The Hadoop architecture consists mainly of four components:

MapReduce

Note: For more information, read about MapReduce here.

MapReduce is a core component of the Hadoop platform. The main funtionality of MapReduce is to split large amounts of data into smaller chunks and distribute the smaller chunks onto multiple servers for massively parallel processing tasks. The architecture allows splitting workloads into a massive number of smaller ones that later get re-combined into singular data sets.

Hadoop Distributed File System (HDFS)

Note: For more information, read about Hadoop Distributed File System (HDFS)

The Hadoop Distributed File System is utilized for storage permission in a Hadoop cluster. It's designed for providing a commodity hardware scalable and highly available storage cluster for distributing processing and querying workloads.

Yet Another Resource Negotiator (YARN)

Note: For more information, read about Hadoop: Yet Another Resource Negotiator (YARN)

YARN is a framework that MapReduce works with.
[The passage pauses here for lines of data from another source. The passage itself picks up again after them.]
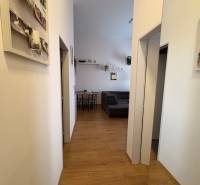 Prenájom moderného 2-izbového bytu v centre Komárna, 40 m² – Petőfiho  - Chodba v 2-izbovom byte s podlahou s dreveným dekorom a dekoráciami na stenách.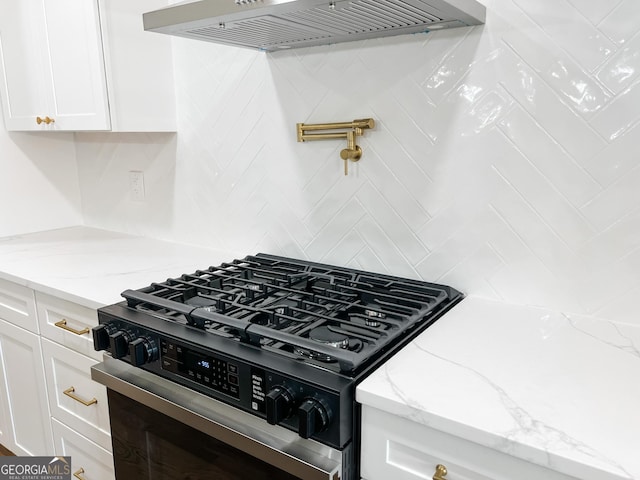 kitchen with tasteful backsplash, white cabinetry, light stone counters, custom range hood, and black range with gas cooktop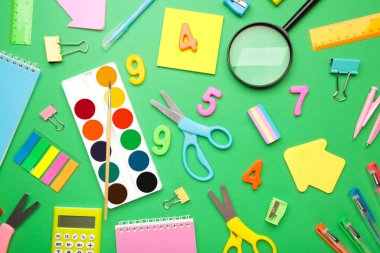 Yeşil arka planda okul malzemeleri. Üst görünüm.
YARN performs two operations job scheduling and resource management.

Deployment

TODO: Write more about how to deploy via containers, kubernetes & ansible.

Thanks to the EU's Horizon 2020 project, Big Data Europe, offers open source resources to deploy Big Data tools such as Hadoop. This will help when deploying Hadoop on a cluster of machines or a single development one. This includes their Hadoop Docker Container which can be used to deploy Hadoop on a single machine.